▸ **INFORMATION GIVEN**:
....
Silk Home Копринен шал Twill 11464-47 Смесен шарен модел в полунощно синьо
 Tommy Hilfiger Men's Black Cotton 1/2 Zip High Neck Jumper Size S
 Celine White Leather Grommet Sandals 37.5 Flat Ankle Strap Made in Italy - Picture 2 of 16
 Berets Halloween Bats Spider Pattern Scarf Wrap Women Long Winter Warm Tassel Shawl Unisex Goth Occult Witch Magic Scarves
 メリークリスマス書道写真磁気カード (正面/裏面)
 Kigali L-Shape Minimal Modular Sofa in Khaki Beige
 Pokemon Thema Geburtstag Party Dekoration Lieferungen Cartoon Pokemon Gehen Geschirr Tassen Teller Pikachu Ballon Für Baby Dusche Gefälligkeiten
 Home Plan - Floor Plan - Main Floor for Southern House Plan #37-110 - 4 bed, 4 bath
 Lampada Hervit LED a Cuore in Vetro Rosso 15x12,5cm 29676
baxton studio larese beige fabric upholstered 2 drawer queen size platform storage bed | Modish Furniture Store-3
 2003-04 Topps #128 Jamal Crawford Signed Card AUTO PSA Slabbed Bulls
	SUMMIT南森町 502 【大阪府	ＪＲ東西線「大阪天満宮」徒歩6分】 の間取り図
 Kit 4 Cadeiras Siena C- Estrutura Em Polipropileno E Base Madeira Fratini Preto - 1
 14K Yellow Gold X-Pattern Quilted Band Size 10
....
▸ **PROMPT**: Your answer must be an exact copy of every entry above.

▸ **RESPONSE TO THE TASK**:
Silk Home Копринен шал Twill 11464-47 Смесен шарен модел в полунощно синьо
 Tommy Hilfiger Men's Black Cotton 1/2 Zip High Neck Jumper Size S
 Celine White Leather Grommet Sandals 37.5 Flat Ankle Strap Made in Italy - Picture 2 of 16
 Berets Halloween Bats Spider Pattern Scarf Wrap Women Long Winter Warm Tassel Shawl Unisex Goth Occult Witch Magic Scarves
 メリークリスマス書道写真磁気カード (正面/裏面)
 Kigali L-Shape Minimal Modular Sofa in Khaki Beige
 Pokemon Thema Geburtstag Party Dekoration Lieferungen Cartoon Pokemon Gehen Geschirr Tassen Teller Pikachu Ballon Für Baby Dusche Gefälligkeiten
 Home Plan - Floor Plan - Main Floor for Southern House Plan #37-110 - 4 bed, 4 bath
 Lampada Hervit LED a Cuore in Vetro Rosso 15x12,5cm 29676
baxton studio larese beige fabric upholstered 2 drawer queen size platform storage bed | Modish Furniture Store-3
 2003-04 Topps #128 Jamal Crawford Signed Card AUTO PSA Slabbed Bulls
	SUMMIT南森町 502 【大阪府	ＪＲ東西線「大阪天満宮」徒歩6分】 の間取り図
 Kit 4 Cadeiras Siena C- Estrutura Em Polipropileno E Base Madeira Fratini Preto - 1
 14K Yellow Gold X-Pattern Quilted Band Size 10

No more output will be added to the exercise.